Stability through grammar
The surprising part of protocol work is how much stability comes from names.
Not clever names. Plain names. Names that survive transport changes, runtime rewrites, adapter additions, and SDK differences. Names that can appear in TypeScript, Go, Rust, Swift, JSON-RPC, WebSocket, SSE, stdio, or an internal binary binding without acquiring a new personality each time.
This does not mean the protocol is finished or pure. Some profiles are deeper than others. Some bindings are more mature than others. Some older wire shapes still carry historical casing. Some adapters have broader helper layers because the outside protocol expects them. That is fine. A useful protocol is not a museum object. It is a common language under pressure.
The important rule is simple: if a concern is service-specific, keep it in that service; if it is edge-specific, keep it in the adapter; if it is protocol-wide and transport-agnostic, add it to the shared language.

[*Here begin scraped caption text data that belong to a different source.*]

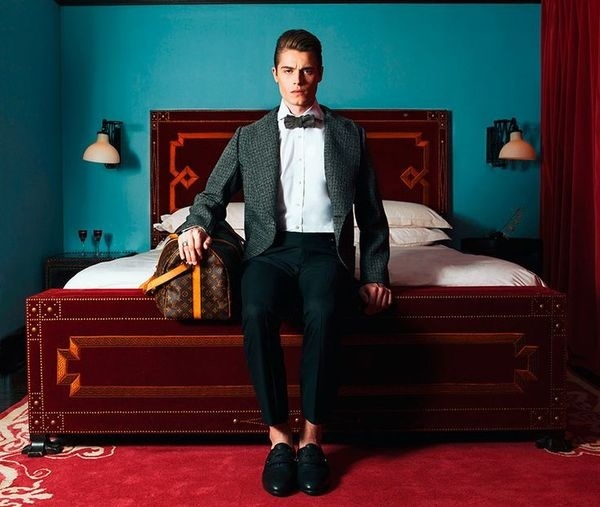 Florian Neuville for Fucking Young Online! #young #photography #fucking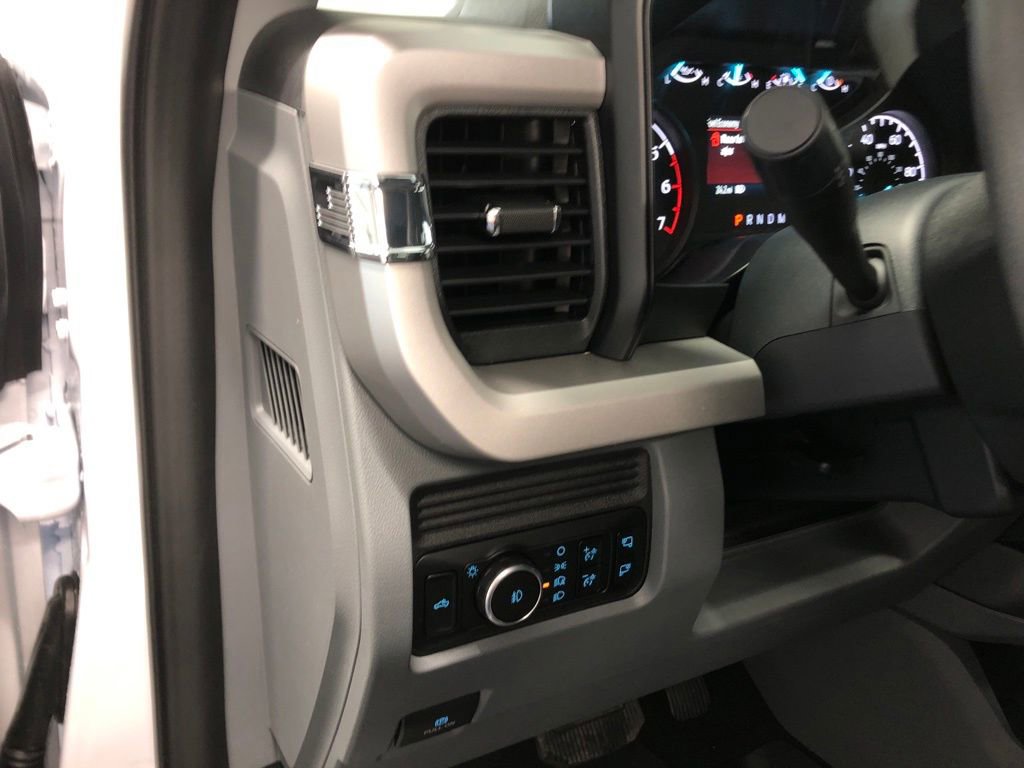 New 2026 Ford F350 XLT AWD/4WD image 11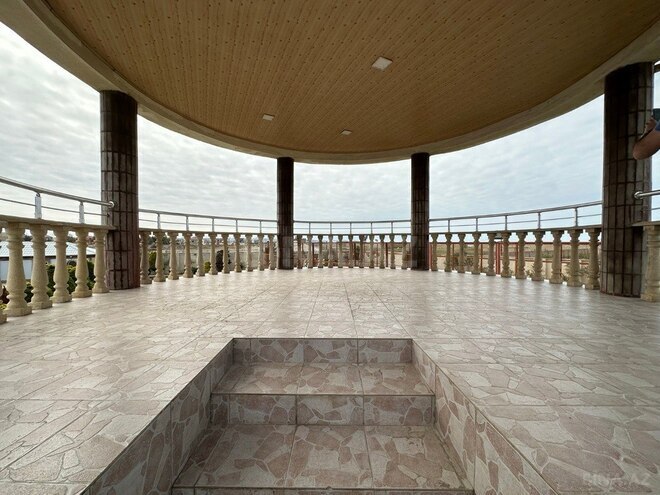 6-комн. дом/дача - пос. Мардакан - 450 м² (12)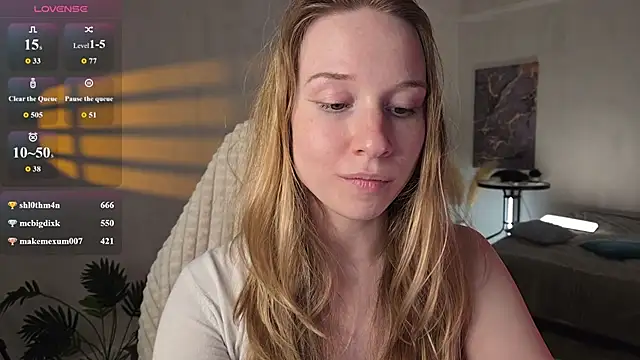 Eve_Sin webcam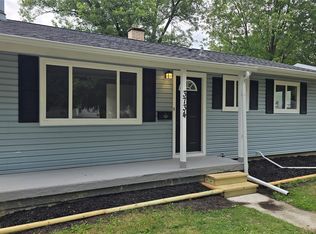 3734 Holly Ave, Flint, MI 48506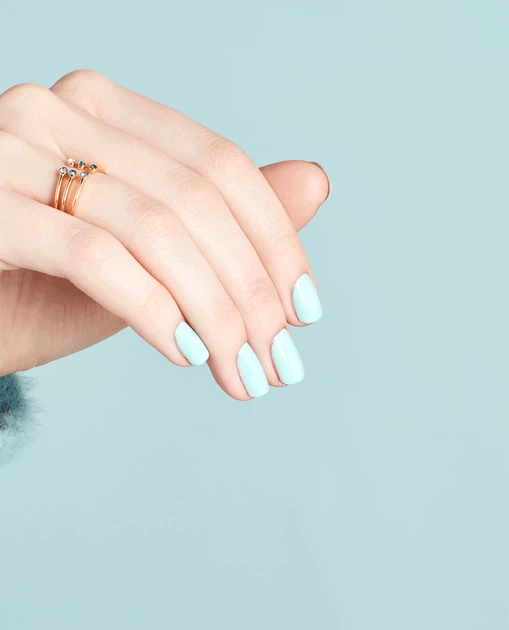 Лак для нігтів Opi Nail Lacquer Gelato On My Mind 15 мл (0094100005195) - зображення 5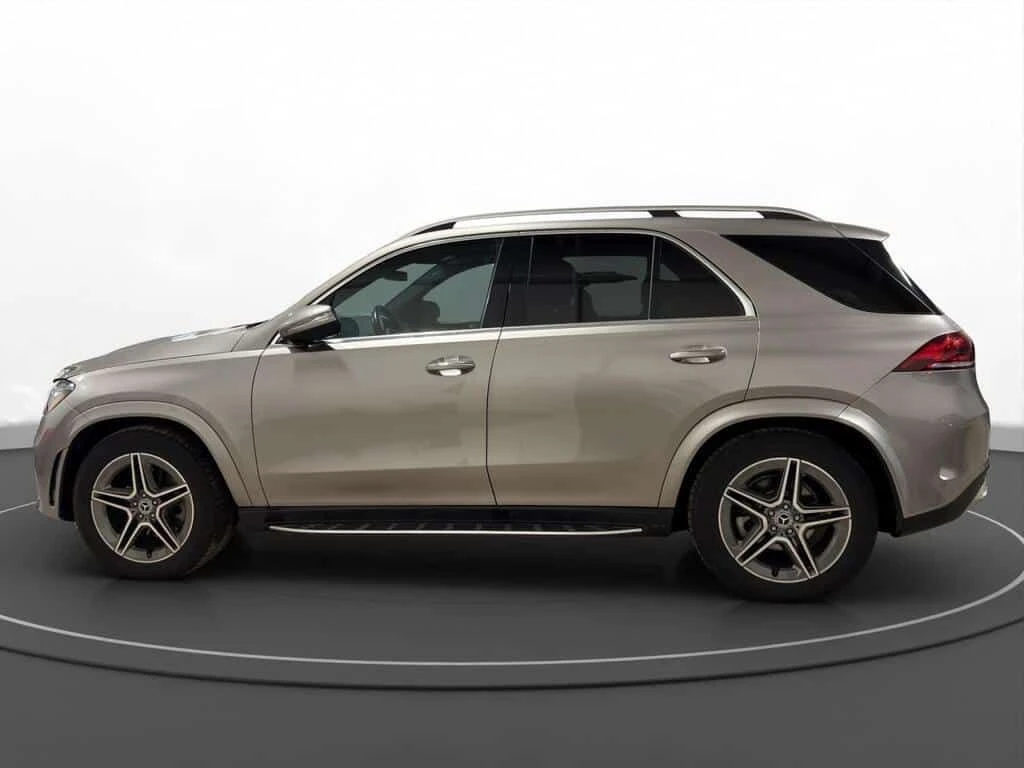 Mercedes-Benz GLE 350 * CARFAX * ���� �� �� | Mobile.bg � ����������� 5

That rule prevents two opposite failures. It prevents the protocol from becoming a dumping ground for every private implementation detail. It also prevents every service from inventing its own vocabulary for the same public act.
The real point
The point of a unifying protocol is not that everything goes through one place. That is centralization, and it has its own failure modes, mostly involving heroic bottlenecks and meetings with architectural diagrams in them.
The point is that when work goes through many places, it still leaves a readable trail.
That is why the service.action + user_id + optional thread_id shape matters. That is why capabilities need descriptors instead of vibes. That is why streams need ordered envelopes. That is why adapters should translate rather than own truth. That is why observability belongs in the protocol from the beginning, not as a tasteful garnish added after the first outage.
A good protocol does not make a distributed system simple. It makes the complexity legible enough that people can act on it.
That is more modest than magic, which is one of the reasons I trust it.